Get out your beautiful glass bowl. In it, put the fresh fruits of the season: pineapple slices cut in quarters, navel orange segments cut in bite size pieces, paw paw slices, mango slices, ripe banana slices. Add seedless white grapes and maraschino cherries.

Layer the slices of fruit with a sprinkling of fine white sugar and pour over a generous amount of your favourite liqueur. An aged rum is a good substitute. Chill for at least two hours and serve in elegant dessert glasses decorated with mint leaves... those little touches make all the difference to eating well.

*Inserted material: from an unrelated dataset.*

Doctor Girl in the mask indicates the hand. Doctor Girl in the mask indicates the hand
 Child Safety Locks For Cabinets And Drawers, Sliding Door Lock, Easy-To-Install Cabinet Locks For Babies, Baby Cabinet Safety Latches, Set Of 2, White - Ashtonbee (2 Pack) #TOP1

© Elizabeth North 22/12/1994


Ways with Bread


Jamaica Observer Eating Well: Ways with Bread

There are many ways with bread, whether you bake it, buy it or only eat it. And whether you like it fresh from the oven or just a little bit stale, bread is very likely on your table every day. Cooked and ready to eat – it is the staff of life some say – it is also a very convenient food, especially if it is already sliced or is a ready roll.

Bread will stale faster if you keep it refrigerated. Keep it at room temperature for more than a day or two in our climate however mould will grow readily, especially if it is left in a tightly closed plastic bag. If you have space in the freezer, it is best to keep your extra loaves there. If bread is slightly stale however, you can refresh it by dampening slightly and putting it in a warm oven. This applies to rolls as well as loaves. But when your bread becomes stale, don't regard it as a tragedy and a waste of your money: all it means is that the bread has changed its status. What you have now is raw material for croûtons to serve with soups and salads, bread crumbs or bread pudding.

Quite a few of us stick up our noses at bread pudding. But there is bread pudding and bread pudding. The classic Bourbon Street Pudding, is a gourmet's bread pudding which is best served directly from the oven, smothered with Bourbon Sauce. If you do not have Bourbon for the sauce, use whiskey, or rum.

For the pudding you need:
4-5 cups ¾ “ cubes firm bread with crust
2 cups milk
½ cup raisins
2 eggs
2/3 cup sugar
1 tsp. vanilla
Bourbon sauce

Butter a shallow 2 quart baking dish generously and spread the bread cubes in it. Pour over 2 cups milk and stir until the bread cubes absorb the milk. Sprinkle with raisins. In a small bowl, mix eggs, sugar and vanilla until well blended. Pour over raisin bread mixture and stir until evenly distributed. Put the baking dish in a larger pan with hot water that comes half way up the sides of the baking pan and bake in a preheated 325° F oven for 45 minutes or until the pudding is set, puffed and the top golden brown. Serve warm with Bourbon sauce.

Bourbon Sauce: Cook ¾ cup heavy cream with 3 tablespoons butter over medium heat until the butter melts. Add ¾ cup brown sugar and stir until the sauce comes to a rolling boil. Remove from the heat and stir in the bourbon until well blended.


Kapridutara is bread pudding that is a fruit lover’s delight. It comes from Lebanon where a keen sense of thrift is part of the heritage. The recipe is designed to use up stale bread and fruit that is past its prime.

You need:
6 slices of bread
1 banana (sliced)
1 apple (cored and sliced)
½ cup raisins
¼ cup chopped walnuts
1 cup brown sugar
2 cups water
½ tsp. ground cinnamon

Toast the bread on a baking sheet in a 325° F oven for 15 minutes; cut in small cubes. In a large mixing bowl combine toast cubes, bananas, apple, raisins and walnuts. Mix brown sugar, water and cinnamon together and add it to the bread/fruit mixture tossing to coat evenly. Bake uncovered in 325° F oven for 30 to 35 minutes, or until lightly browned. Serve warm or at room temperature with cream, if desired, or with cream and fruit liqueur.


How to make croutons: Sauté small cubes of bread in melted margarine or butter, or butter/vegetable oil combination. For herbed croutons, sprinkle lightly with parsley or minced chives, or with any herb of your choice while still hot. For cheese croutons, sprinkle with grated cheese. Garlic croutons can be made with fresh garlic (lightly fry the garlic in the butter/oil, remove it from the oil, then add the bread crumbs and sauté them). Or sprinkle garlic powder while you sauté the bread crumbs.